Being a parent is tough. For me, being a parent while struggling with chronic disease and illness is even harder. But wondering if either of my girls will end up living in a body like mine is heart-wrenching. I watch my oldest daughter very closely. At times, I am positive I see cervical dystonia in her. It destroys me to think she could develop such a painful disease from me.

But that’s not what I want to talk about. Today, I want to share why my children are gluten-free.

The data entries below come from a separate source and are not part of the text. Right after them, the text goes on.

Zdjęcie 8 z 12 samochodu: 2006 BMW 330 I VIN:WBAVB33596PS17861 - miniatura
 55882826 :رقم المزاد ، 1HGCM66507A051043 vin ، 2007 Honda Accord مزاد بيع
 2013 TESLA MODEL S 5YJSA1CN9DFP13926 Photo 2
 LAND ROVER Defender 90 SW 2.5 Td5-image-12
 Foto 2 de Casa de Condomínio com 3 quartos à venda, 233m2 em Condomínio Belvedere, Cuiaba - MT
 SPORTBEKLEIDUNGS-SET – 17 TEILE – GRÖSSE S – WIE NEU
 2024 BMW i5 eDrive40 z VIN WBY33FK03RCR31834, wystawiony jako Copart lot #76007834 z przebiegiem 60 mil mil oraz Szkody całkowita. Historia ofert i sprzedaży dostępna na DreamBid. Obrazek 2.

Having celiac disease and living gluten-free has taught me three things:

  1. Ingesting even the tiniest amount of gluten will make me sicker than anything!
  2. We live in a society where the focal point of many celebrations and holidays is food.
  3. Food is often used as a reward.

Ponder those last two for a minute.

When my first daughter was born, my husband and I struggled with the idea of keeping her gluten-free from birth. The reason? Several factors go into developing celiac disease. Most relevant for us: a person needs to have the DQ2 and/or DQ8 gene, and the person has to ingest gluten regularly. So if we had genetic testing done, and she did not have either gene, she wouldn’t develop celiac disease. End of discussion. If she tested positive for one or both of the genes, well, that was tougher. In that case, what was the reasonable thing to do? Was it fair to eliminate all gluten from her diet to avoid developing celiac disease?  We had good reason to believe she carried at least one gene. Myself, my brother, and my mother all have celiac disease. This was not a decision we took lightly. We spoke with our families. We reached out to the gluten-free community. We spoke to our pediatrician. Ultimately, we made the decision to have our daughter genetically tested. The referral for genetic testing had to come from a gastrologist so we made an appointment with the head of gastrology at a major children’s hospital.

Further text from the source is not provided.